Clearly new technologies are one opportunity, but beware that the industry will not accept technology for its own sake. Technology has to be marketed and presented for the purpose of delivering tangible value to building owners as well as to the distribution channels tasked with delivering this value.

The most significant opportunities are in the types of businesses that do not exist today. Here we’re looking for the eBay and Amazon.com of buildings. We need visionaries, people who understand what can be done with technology and who have a deep understanding of the problems and business nature of tomorrow’s NBS industry. Foremost among these opportunities are Internet-based hosted businesses, those providing highly scalable solutions delivering immense value that require little or no investment on the part of the building owner – what a combination!

What are the challenges?

PlantPROCOREThe biggest challenge is the temptation to fight the change and try to maintain the status quo of the past. The IT and electronics world is littered with these: Wang, Digital, Banyan and Zenith to name a few.

Other challenges can be dealt with normally. Learning new technologies only requires training and education, and competition can be dealt with by re-evaluating your company’s plan of delivering value to your customers. One challenge could be that you have the wrong customers—well change your business to suit your customers, or fire them and get new customers! Selling the wrong product is the easiest challenge to deal with; in the coming years there will be a plethora of old and new players vying for your business.

In the how-you-run-your-business area, a very big challenge is trying to do everything yourself. The world of tomorrow is very complex. You need partners, networks of expertise and familiarity with that wonderful new word “coopetition”—a strategy in which businesses cooperate with their competition. The tricky part of coopetition is that someone may be your ally in one area but your competition in others; the line can get pretty fuzzy. Get used to it; it’s a way of life.

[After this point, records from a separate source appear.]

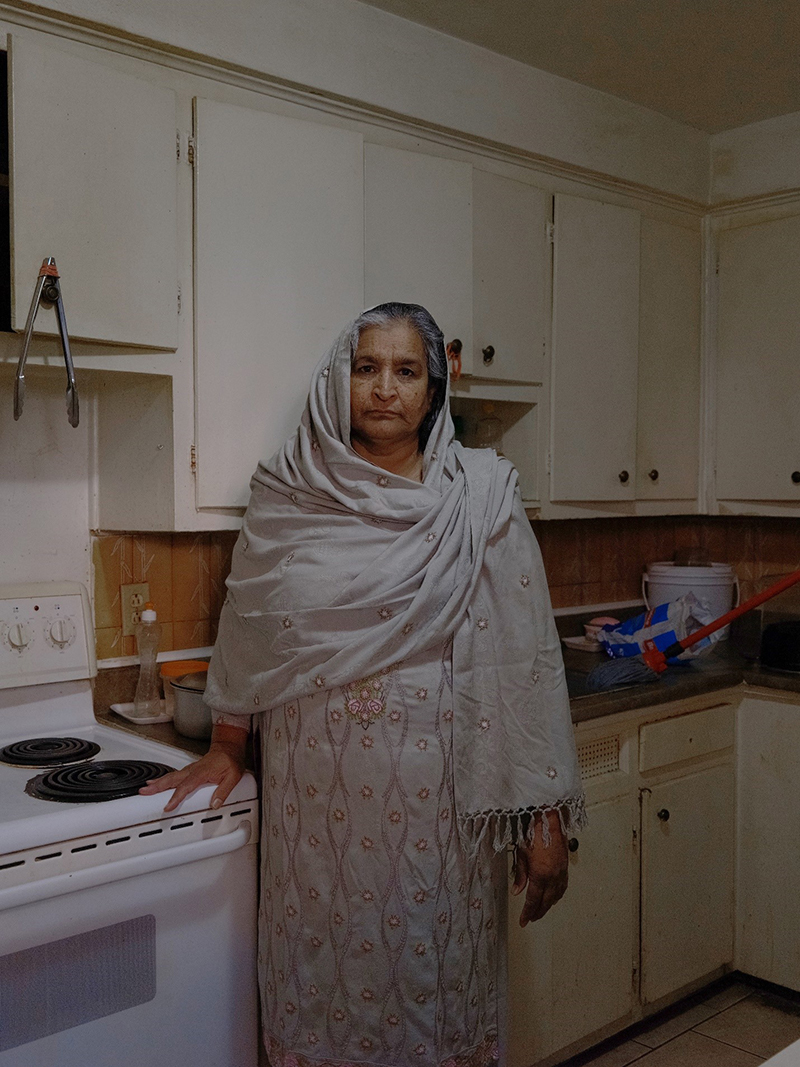 Une femme se tient dans une cuisine, elle porte une robe et un foulard sur la tête et a sa main reposant sur le dessus du poêle.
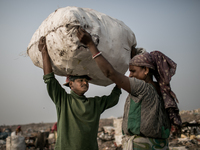 Scavengers are carrying waste. Dhapa, Kolkata, India. January 20, 2015. *** Go to http://nurphoto.com/en/reportages/51696 to see more **** (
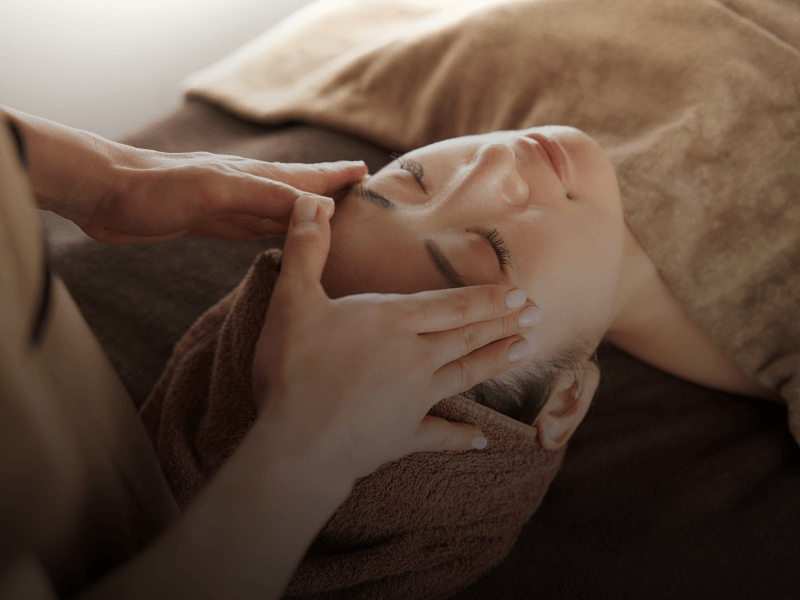 esthetician giving client a facial treatment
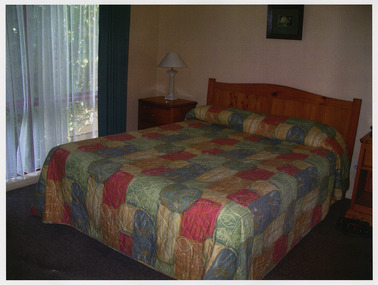 A colour photograph taken at Kerami Gardens Resort in Marysville. The photograph is of one of the guest bedrooms at the resort.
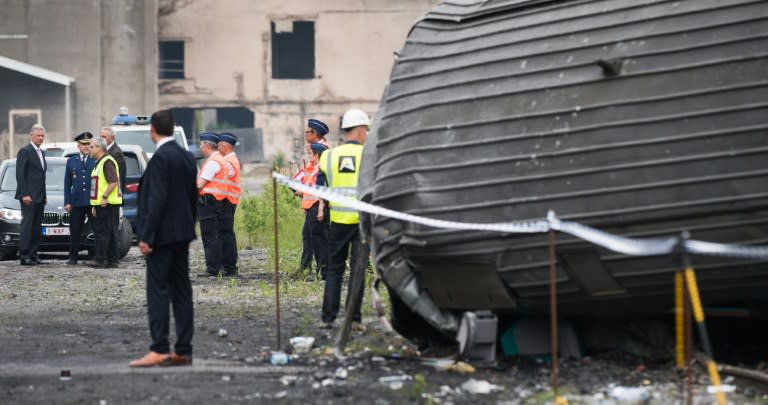 King Philippe of Belgium (L) looks at the scene of a train collision between a freight train and a passengers train on the line between Liege and Namur, in Saint-Georges-sur-Meuse on June 6, 2016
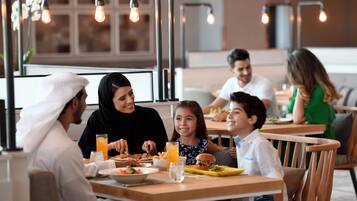 Eine Familie speist in einem Restaurant mit modernem Interieur, darunter freiliegende Ziegelwände und Pendelleuchten.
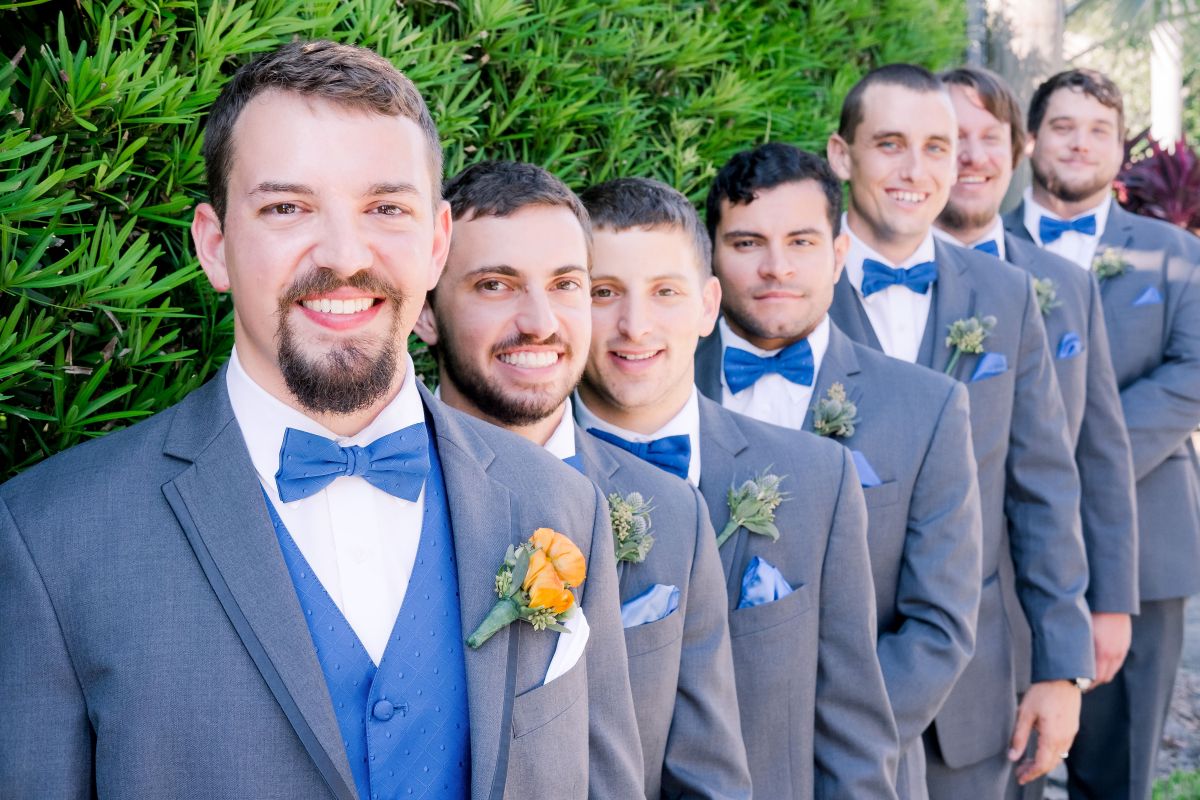 Groom with Orange Boutonniere and Groomsmen with Blue Thistle Boutonnieres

Then, there are some challenges outside your area of influence. One glaring example is the way the construction industry works in the midst of decades of deeply rooted habits such as the building specification structure and the manner in which contracts are awarded. The advice on these types of challenges is to communicate that there is a better way, and if the resistance is too strong, maneuver around them and find something more productive on which to spend your time. Entropy will deal with them!

So, now what?

We started with the question, “What’s in a name?” It’s subtle question, but as we change the name of what we do, with it should come a new approach and certain liberation from the limitations of the past. So, go gather your management team, wipe the whiteboard clean and write NBS in big letters.